A US-based startup has taken technology developed at the University of Aachen that can be used to build custom embedded processors automatically from a high-level description.
The software produced by Lisatek could threaten the businesses of configurable processor specialists such as ARC International and Tensilica because the tool can be used to customise existing processors as well as create new ones after exploring various architectural alternatives.
Similar to the thrust taken by ARC and Tensilica, and more recently by MIPS Technologies (EETimes, 25/2/02), Lisatek is aiming at the space where hardwired logic is being displaced in favour of high-speed specialised processors.
Uri Mayer, CEO and vice-president of sales, said: "Memories and embedded processors will dominate SoCs. I think that in time, SoC designers will try to design with processors rather than gates, but that is further down the street."
For the moment, the co mpany is aiming at processor designers wanting to model and customise existing processors for specific applications.
The core language behind the toolset, Lisa, is similar to C++ but with extensions for bit-and cycle-accurate modelling. It was devised by Andrean Hoffman, Professor Heinrich Meyr and Stephan Pees of the Integrated Signal Processing Systems laboratory of the University of Aachen in Germany.
Meyr is on the advisory team to Lisatek along with compiler specialist Professor Rainer Leupers, also from the University of Aachen.
The ISS group at Aachen was responsible for the Cossap high-level digital signal processing tool that was spun out to Cadis and then sold to Synopsys in 1994.STMicroelectronics has become the latest company to use the environment for a project based around the ST220 very long instruction word processor.
Mayer said: "They ran a lot of tests with the ST220. For them architectural exploration is a big win. ST already has a project to take what they have today and extend it."
The group used a model built in four weeks using the Lisa language to help develop compilers and suggest architectural changes to the core design team.
Several companies have used the base language on which Lisatek's technology is based already.
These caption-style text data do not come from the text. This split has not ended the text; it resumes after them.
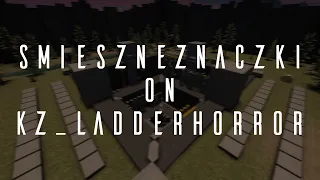 [KZT] POV #23: kz_ladderhorror in 14:41.71 by smieszneznaczki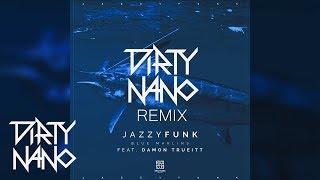 JazzyFunk feat. Damon Trueitt - Blue Marlins | Dirty Nano Remix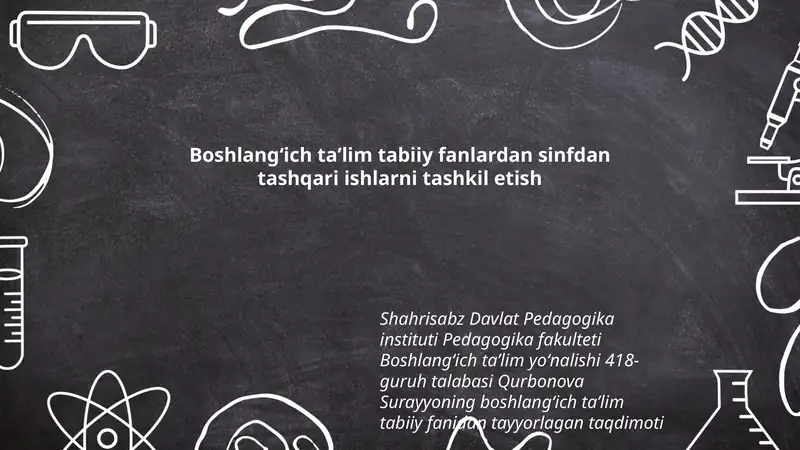 Boshlangʻich taʼlim tabiiy fanlardan sinfdan tashqari ishlarni tashkil etish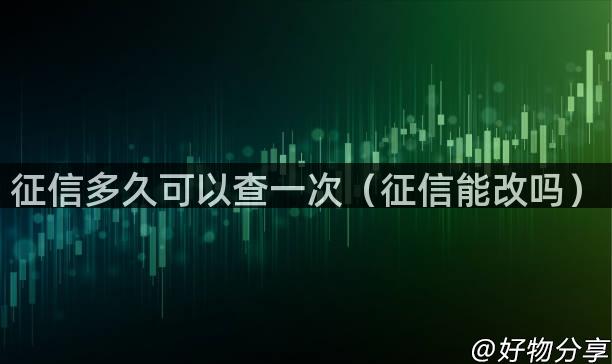 征信多久可以查一次（征信能改吗）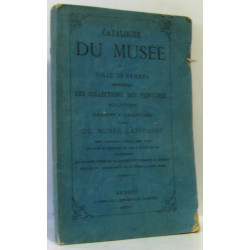Catalogue du musée de la ville de Rennes renfermant les...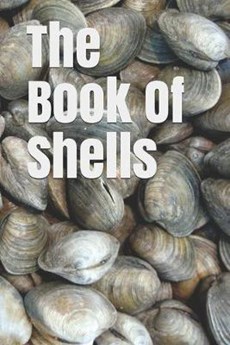 The Book Of Shells (Annotated)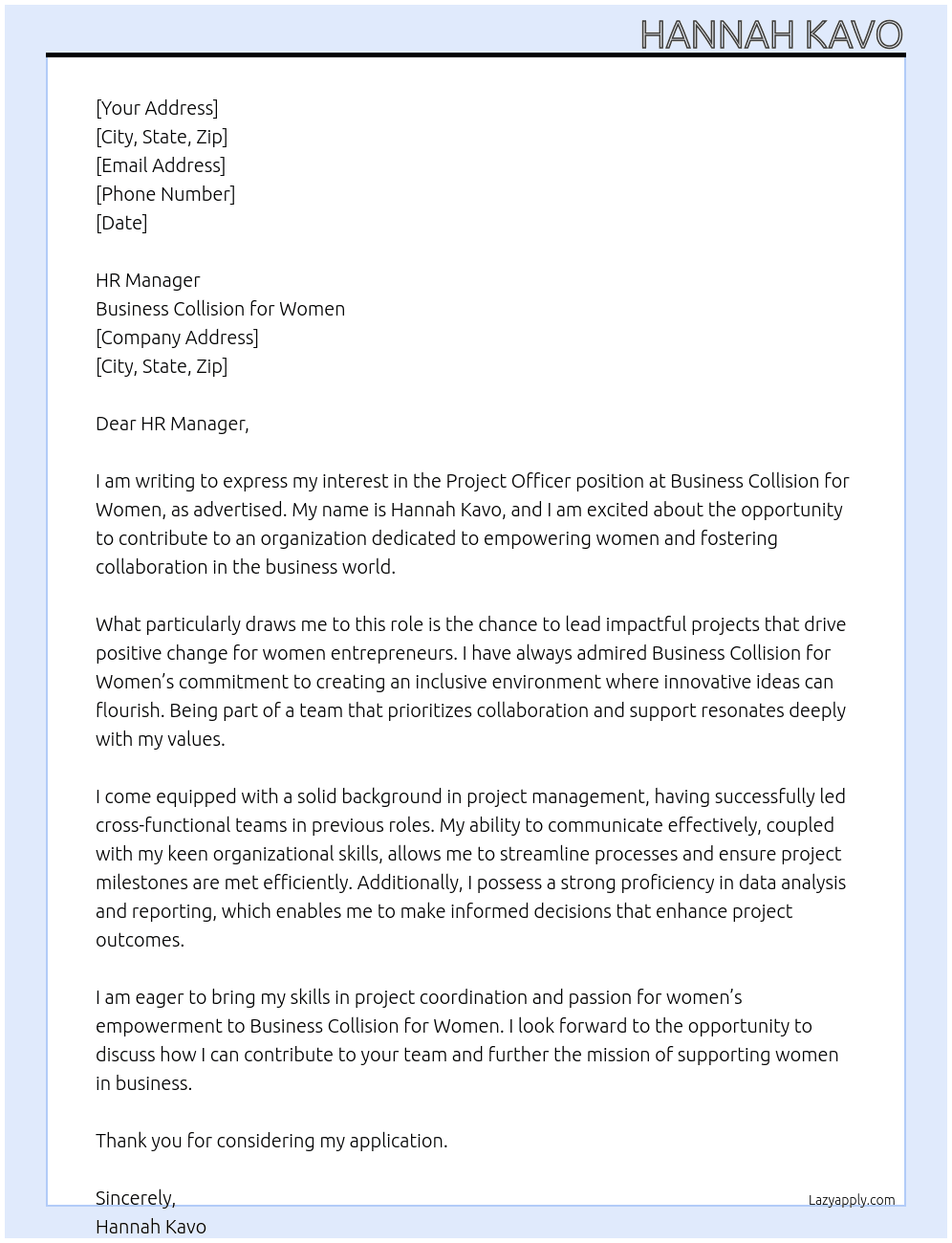 Project Officer  At Busineess Collision for woman  Cover Letter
Fujitsu signed a deal with the University of Aachen in 2000 to use LISA to model its processors. US-based Morphics and handset maker Nokia have also used the language for modelling and Mayer says Morphics has taped out a design using a processor built with the LISA tools.
There are several components to Lisatek's environment but they are designed to reduce the gap between hardware and software models by using a common specification language, which is Lisa. The language can model processor concepts such as out-of-order execution and VLIW architectures.
"The language is owned by the university but it will be put into the public domain," said Mayer.
The intention is to generate both the implementation and the tool s needed to program the resulting core from the one environment.
Mayer said the processors do not have to be the extensive, general-purpose designs that most developers have become used to programming for.
"We can analyse and create a processor with 10 or 15 instructions if that is all that is needed. Maybe a processor like theTensilica [Xtensa] is overkill," said Mayer.
For the moment, the tool creates a behavioural model and an instruction set simulator as well as assembly-level tools.
"It is not released now but we will be able to go to RTL," said Mayer. RTL generation is likely to be ready by the end of the year. It is currently in beta.
For analysing how the target architecture will run software, the company has built an instruction set simulator. This allows the design to be coupled to a hardware-software simulation using a tool such as Mentor Graphics' Seamless.
The simulator can also be used to debug applications and uses a design modelled on cache-memory c oncepts to speed up operation without losing the ability to stop and analyse the processor's contents.
It works by loading and compiling complete instruction streams, similar to the way that a cache loads a line of memory at once. But, for debugging purposes, the instruction sequence can be broken down to allow debugging techniques such as single-stepping.
One issue that all configurable processor suppliers have had to face is that of building high-level tools such as C compilers for custom architectures. The company has worked with Dutch compiler specialist ACE to take representations built by the Lisatek tools and use them to drive ACE's Cosy tools to automatically generate basic compilers.
"The C compiler issue is a big debate. We can give the capability to run something but maybe it is not optimal. Many people believe that they can do optimised compilers by themselves," said Mayer.
"We have a lot of interfaces. They can take whatever compiler they feel is optimal."
Mayer said the intention is not to compete directly with the configurable processors suppliers. Instead, they may choose to license the Lisatek tools. Processors created using the tools will not incur royalties
"We are using an EDA business model," said Mayer.
Although the pricing is not yet fixed, he said the complete suite of analysis and generation components is likely to cost around $200 000 per seat.